[Task requirements]
Would you restate the listing word for word, with the images omitted?

[Given information]
========
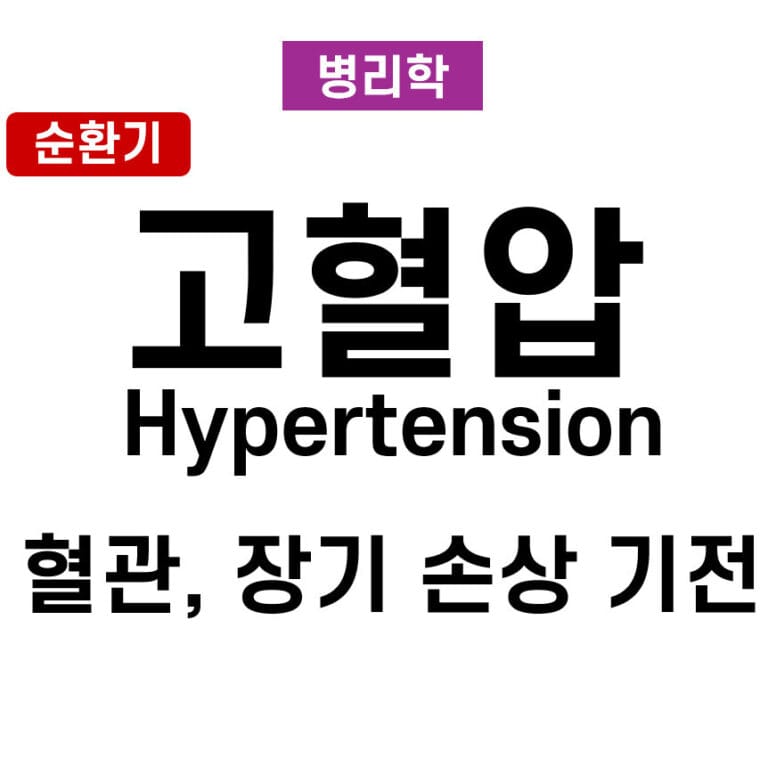 고혈압의 병태생리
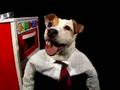 title="Pedigree�s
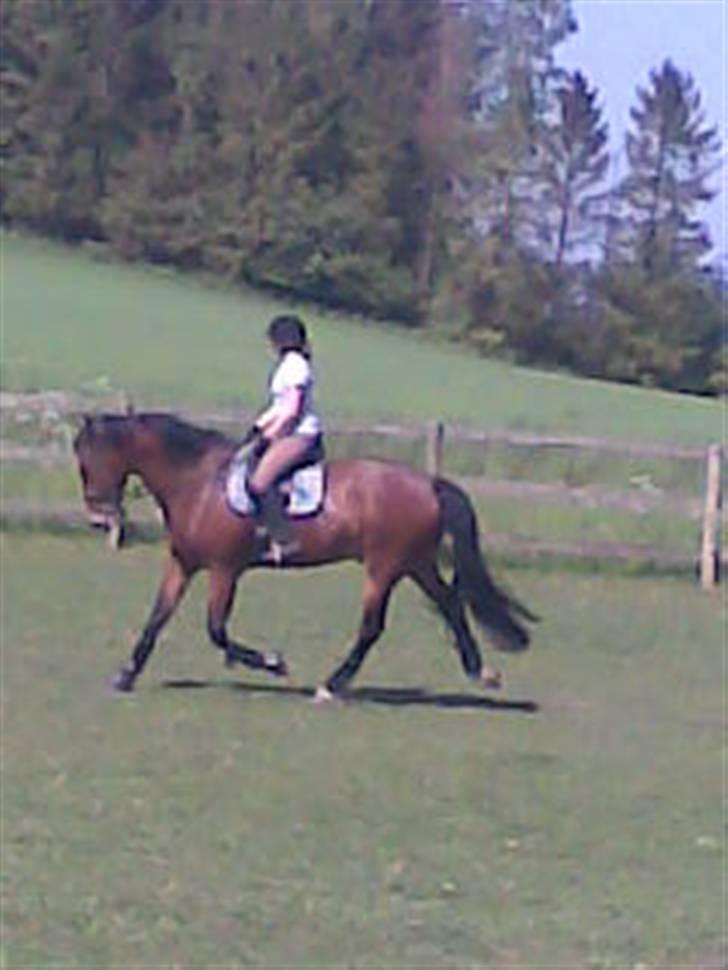 Oldenborg Hedemarkens Atlet. R.I.P  billede 3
========
[Solution below]
 고혈압의 병태생리
 title="Pedigree�s
 Oldenborg Hedemarkens Atlet. R.I.P  billede 3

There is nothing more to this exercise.